Meanwhile, with Mashal and Abu Marzouk in agreement in Qatar, the reports flying above their heads are pointing in different directions.
"We received a document," confirms Osama Hamdan, Hamas' foreign affairs chief, swearing in the same breath: "There will be no agreement with Israel without first bringing it to the attention of all the Palestinian factions."
For his part, Nabil Abu Rudeineh, spokesman for Palestinian Authority President Mahmoud Abbas, tries to make out that Fatah is not opposed to a truce, but blasts Hamas for working behind Abbas' back.
Abu Rudeineh gets slapped in return by senior Hamas official Ahmed Yousef, who claims that Abbas is "intentionally hampering the rebuilding of Gaza," and suggests that "he resign and let someone younger and truly capable run the affairs of Palestine."
According to a Qatari Foreign Ministry official, Major General Mordechai suggested that the Qatari emissary, al-Ahmadi, pay a visit to Ramallah to put Abbas in the picture and allay any suspicions that someone is trying to bypass him or ignore the PA. And al-Ahmadi did indeed visit the Muqata once or twice.
But the PA leader was not convinced. "Abbas," said the Qatari Foreign Ministry official, "suspects that Netanyahu is helping to establish an independent entity in Gaza against him, so he could declare Gaza a rebellious entity and announce a split – just like the late (Jordanian) King Hussein split from the West Bank".
On Tuesday night, we learned of Abbas' decision to dismantle the Palestinian unity government. While this government has never really worked, its dismantling was designed primarily to express the PA leader's frustration and anger.
Abbas meanwhile has canceled plans to visit Gaza, and Hamas has announced that it will not allow PA security forces to be stationed at the Gaza crossings. The quicker Gaza gets back onto its feet again, with Qatari funding and Israeli impetus, the weaker the Muqata in Ramallah will become. "Abbas will now establish a government of loyalists and oust anyone who is identified with Hamas," promises one of the PA leader's confidantes.

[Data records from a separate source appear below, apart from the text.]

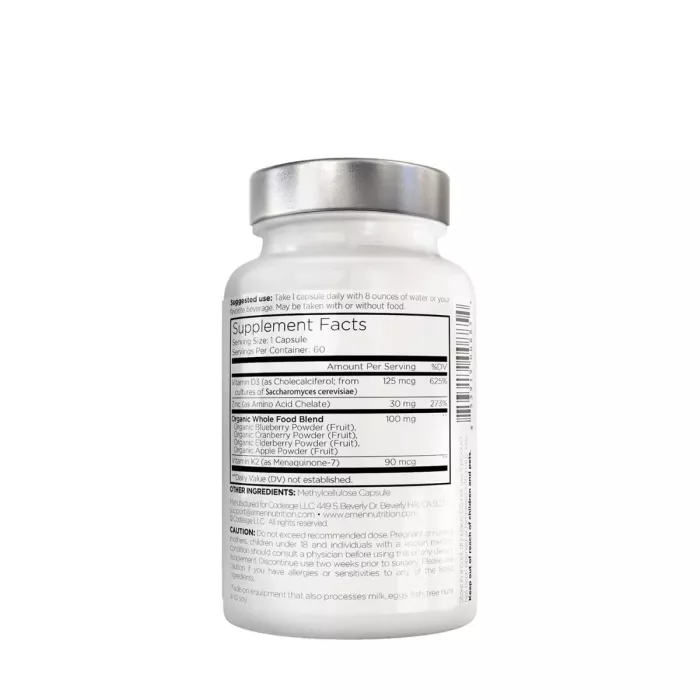 Codeage Amen Vitamin D - K2 & Zinc - Vitamin D3, Formula Pentru Imunitate, Oase Puternice Si Protectie Cardiovasculara, 60 Cps Codeage Amen Vitamin D - K2 & Zinc - Vitamin D3, Formula Pentru Imunitate, Oase Puternice Si Protectie Cardiovasculara, 60 Cps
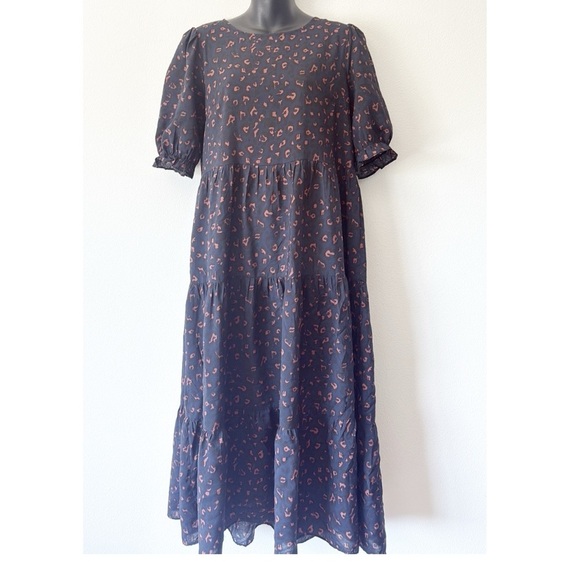 Apricot Oversized Midi  Patterned Dress - Picture 10 of 13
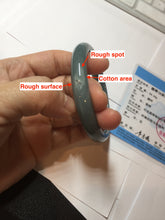 Load image into Gallery viewer, 57.5mm Certified Type A 100% Natural deep sea dark green/purple/blue/gray/black Guatemala Jadeite bangle PB114-6421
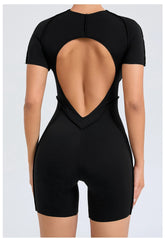 Short Jumpsuit Gym Clothes For Women Sportswear Fitness Overalls Backless Scrunch Booty Yoga Suit Sports Set Outfit ShedPoundsPortal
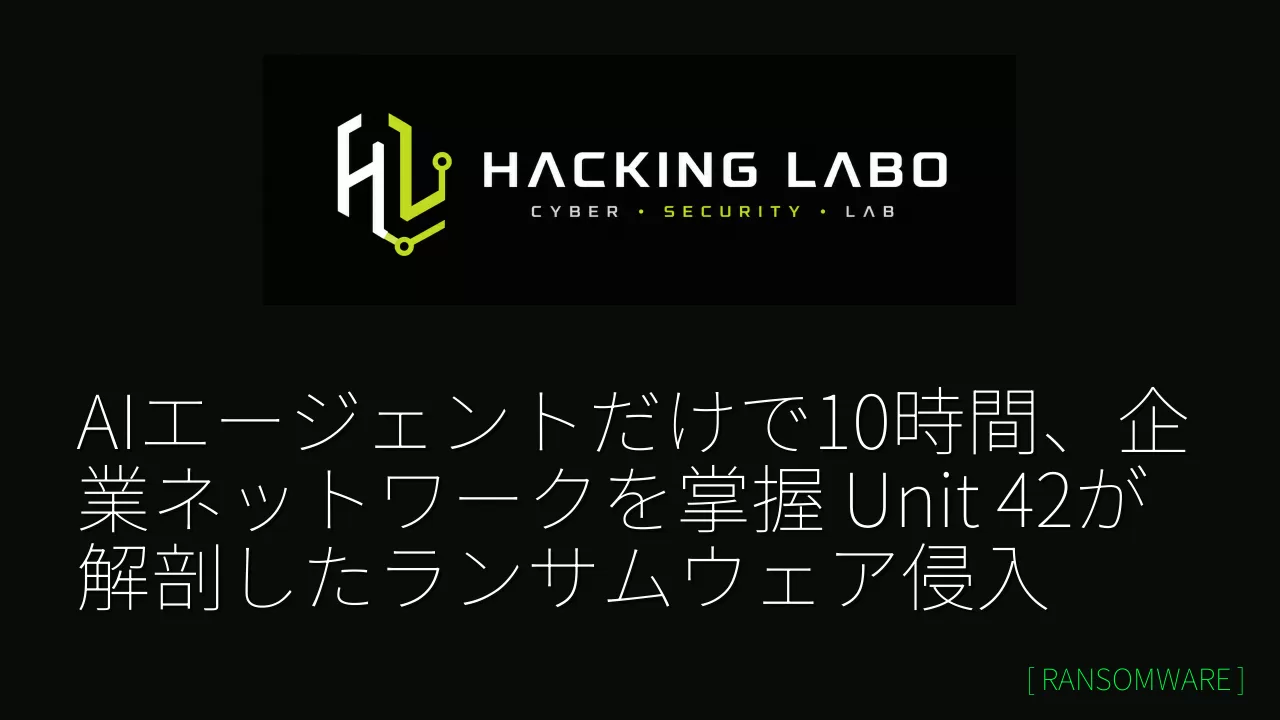 AIエージェントだけで10時間、企業ネットワークを掌握 Unit 42が解剖したランサムウェア侵入 thumbnail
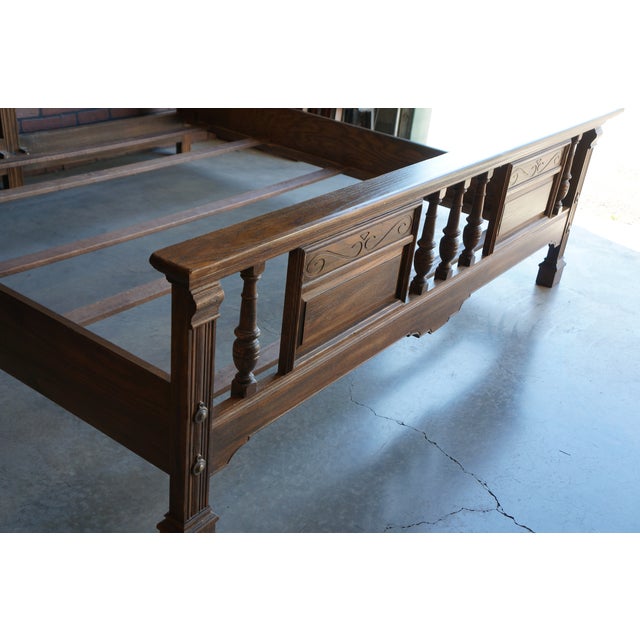 Ethan Allen Royal Charter Oak King Bed For Sale - Image 6 of 8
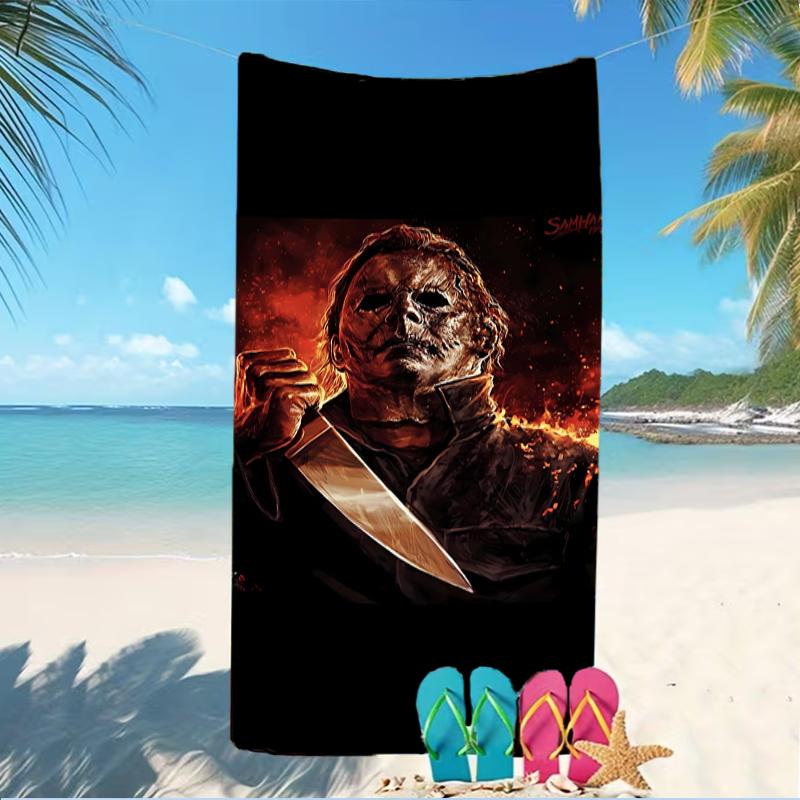Beach Towel with The Revenge of Michael Myers Pattern - soft,absorbent,machine washable Lightweight&Modern,swimming,Travel Essentials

"We are living in Gaza under the shadow of grave concerns," says Prof. Mukhaimer Abu Saada, a political science lecturer at Gaza's Al-Azhar University. "We are concerned about Egypt closing the Rafah crossing because it has no real interest in being the permanent exit route for two million Gazans.
"We are concerned about Abbas hindering the transfer of salaries to the 30,000 government officials in the Gaza Strip. And we are concerned that Netanyahu won't make an effort to achieve a truce agreement in the same way he makes no effort to progress towards peace with Abbas in Ramallah."
And above all of this hang some big question marks: How will Hamas manage to enforce the truce on the military groups and militias in Gaza? What will keep the Izz ad-Din al-Qassam Brigades quiet? What will Israel offer without releasing Hamas prisoners?
But even without an agreement, one understanding has already been reached between Gaza and Jerusalem – bringing Cairo back into the picture. Israel has faith in Sisi and his ability to deal with Hamas. Jerusalem prefers to push the Qatari element and remove Turkish President Reccep Erdogan from the frame – as quickly as possible.